How TFFs Work?

                                         How TFFS Works?

The gastrointestinal tract is constantly confronted by a complex mixture of potentially injurious agents, including acid, bacteria and bacterial products. The gastrointestinal epithelium — a single layer of cells that is joined together by semi-permeable cell– cell junctions — forms a physical barrier against these agents. Nevertheless,minor disruptions of the surface layer of cells occur frequently,so speedy repair to restore epithelial continuity is also essential. (1)

Normal epithelial repair requires RESTITUTION and REGENERATION. .Occurring before regeneration,restitution is sufficient to restore mucosal continuity over broad areas of damage within hours.restitution is the crucial step in mucosal repair. During restitution, epithelial cells spread and migrate across the BASEMENT MEMBRANE to re-establish surface-cell continuity, a process that is independent of cell proliferation (FIG. 1). A localized injury (a) to mucosal epithelial cells lying on a basement membrane causes cell detachment and death (b), leaving an epithelial defect and exposing matrix elements. There is rapid expression and release of agents that speed repair (motogens; M) from adjacent mucosal cells and from matrix (c), followed by spreading and migration of surviving epithelial cells (d), which is accompanied by mechanisms that prevent detachment-induced cell death (see below). Restoration of epithelial continuity (e) is supplemented by restoration of barrier function as junctional elements between cells and their matrix reform. (FIG. 1) (1)

                                                      Figure 1. A schematic representation of restitution

                 Mechanism of TFF3 in Gastrointestinal Disorders

TLR2 ligands, such as synthetic Pam3CysSK4 (PCSK), stimulates TFF3 secretion from goblet cells, and TFF3 can interact with LINGO2 to enhance EGFR signaling and subsequently promote epithelial cell migration to achieve wound healing.
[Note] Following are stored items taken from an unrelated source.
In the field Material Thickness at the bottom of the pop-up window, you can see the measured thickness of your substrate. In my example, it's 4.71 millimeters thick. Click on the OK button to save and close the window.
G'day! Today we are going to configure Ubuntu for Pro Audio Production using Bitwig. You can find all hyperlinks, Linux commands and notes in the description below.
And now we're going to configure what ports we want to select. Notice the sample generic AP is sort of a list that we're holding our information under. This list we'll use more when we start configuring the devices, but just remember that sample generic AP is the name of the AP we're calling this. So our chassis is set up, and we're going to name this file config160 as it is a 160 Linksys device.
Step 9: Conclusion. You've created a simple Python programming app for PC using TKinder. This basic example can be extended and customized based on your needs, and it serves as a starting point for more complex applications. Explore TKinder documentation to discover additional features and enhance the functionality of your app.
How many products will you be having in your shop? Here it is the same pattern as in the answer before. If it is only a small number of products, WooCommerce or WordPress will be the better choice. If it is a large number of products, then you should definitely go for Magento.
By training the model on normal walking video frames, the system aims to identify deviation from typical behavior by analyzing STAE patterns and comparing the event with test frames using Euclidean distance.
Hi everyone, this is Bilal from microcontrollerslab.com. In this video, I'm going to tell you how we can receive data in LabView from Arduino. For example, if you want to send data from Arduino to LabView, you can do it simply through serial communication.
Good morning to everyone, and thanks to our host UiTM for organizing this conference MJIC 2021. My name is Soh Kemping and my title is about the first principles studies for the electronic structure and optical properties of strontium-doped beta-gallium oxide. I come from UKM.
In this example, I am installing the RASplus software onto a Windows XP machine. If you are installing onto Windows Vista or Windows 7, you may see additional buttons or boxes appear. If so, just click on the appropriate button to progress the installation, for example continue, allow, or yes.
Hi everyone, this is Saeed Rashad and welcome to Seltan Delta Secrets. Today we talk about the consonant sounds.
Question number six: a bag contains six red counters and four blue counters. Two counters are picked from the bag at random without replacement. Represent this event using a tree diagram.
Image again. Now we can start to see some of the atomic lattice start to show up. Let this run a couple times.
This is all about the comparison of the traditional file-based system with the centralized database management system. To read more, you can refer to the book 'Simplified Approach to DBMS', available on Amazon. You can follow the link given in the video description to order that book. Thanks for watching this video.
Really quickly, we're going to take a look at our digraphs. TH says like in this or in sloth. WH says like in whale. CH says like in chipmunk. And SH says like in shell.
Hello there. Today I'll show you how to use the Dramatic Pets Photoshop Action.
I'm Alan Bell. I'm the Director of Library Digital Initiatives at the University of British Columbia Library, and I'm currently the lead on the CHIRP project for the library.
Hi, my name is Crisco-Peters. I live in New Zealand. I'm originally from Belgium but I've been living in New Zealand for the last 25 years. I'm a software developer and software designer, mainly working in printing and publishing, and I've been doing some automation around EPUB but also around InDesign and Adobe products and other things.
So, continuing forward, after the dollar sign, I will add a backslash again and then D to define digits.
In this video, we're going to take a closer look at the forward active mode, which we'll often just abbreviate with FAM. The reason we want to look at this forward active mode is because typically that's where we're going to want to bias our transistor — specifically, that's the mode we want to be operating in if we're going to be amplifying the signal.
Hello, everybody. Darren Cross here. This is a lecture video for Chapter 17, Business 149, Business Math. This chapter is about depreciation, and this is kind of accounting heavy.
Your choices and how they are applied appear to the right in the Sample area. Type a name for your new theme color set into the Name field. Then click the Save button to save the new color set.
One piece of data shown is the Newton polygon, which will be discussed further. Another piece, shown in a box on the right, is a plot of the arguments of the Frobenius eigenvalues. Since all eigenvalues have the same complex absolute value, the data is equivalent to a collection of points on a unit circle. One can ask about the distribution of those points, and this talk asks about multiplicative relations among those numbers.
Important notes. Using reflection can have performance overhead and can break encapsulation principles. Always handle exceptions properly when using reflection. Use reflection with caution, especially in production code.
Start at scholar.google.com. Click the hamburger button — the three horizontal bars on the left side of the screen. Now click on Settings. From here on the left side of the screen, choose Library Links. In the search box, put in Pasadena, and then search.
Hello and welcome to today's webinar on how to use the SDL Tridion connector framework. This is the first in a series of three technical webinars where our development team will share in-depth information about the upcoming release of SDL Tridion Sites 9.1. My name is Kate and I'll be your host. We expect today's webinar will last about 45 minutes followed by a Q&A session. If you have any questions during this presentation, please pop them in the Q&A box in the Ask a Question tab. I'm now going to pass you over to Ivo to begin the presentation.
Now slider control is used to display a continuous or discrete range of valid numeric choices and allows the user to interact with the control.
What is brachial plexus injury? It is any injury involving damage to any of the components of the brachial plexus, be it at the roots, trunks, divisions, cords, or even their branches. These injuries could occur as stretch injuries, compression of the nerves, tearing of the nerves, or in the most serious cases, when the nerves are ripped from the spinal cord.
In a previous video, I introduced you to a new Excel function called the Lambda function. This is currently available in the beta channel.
Furthermore, TFF3 suppressed intestinal inflammation via PAR-2 and TLR4/NF-κB signaling. (FIG. 2)(2)

                             Figure2. Protection of TFF3 against Gastrointestinal Epithelial Injury

       Abbreviations: ERK, extracellular signal-related kinase; PI3K, phosphatidylinositol 3-kinase;
       PCSK, Pam3CysSK4; TLR, toll-like receptors; LINGO2, leucine-rich repeat receptor and nogo                                   interacting protein 2; EGFR, epidermal growth factor receptor; STAT, signal transducer and
       activator of transcription, NF-κB: nuclear factor κB; PAR, protease-activated receptor(2)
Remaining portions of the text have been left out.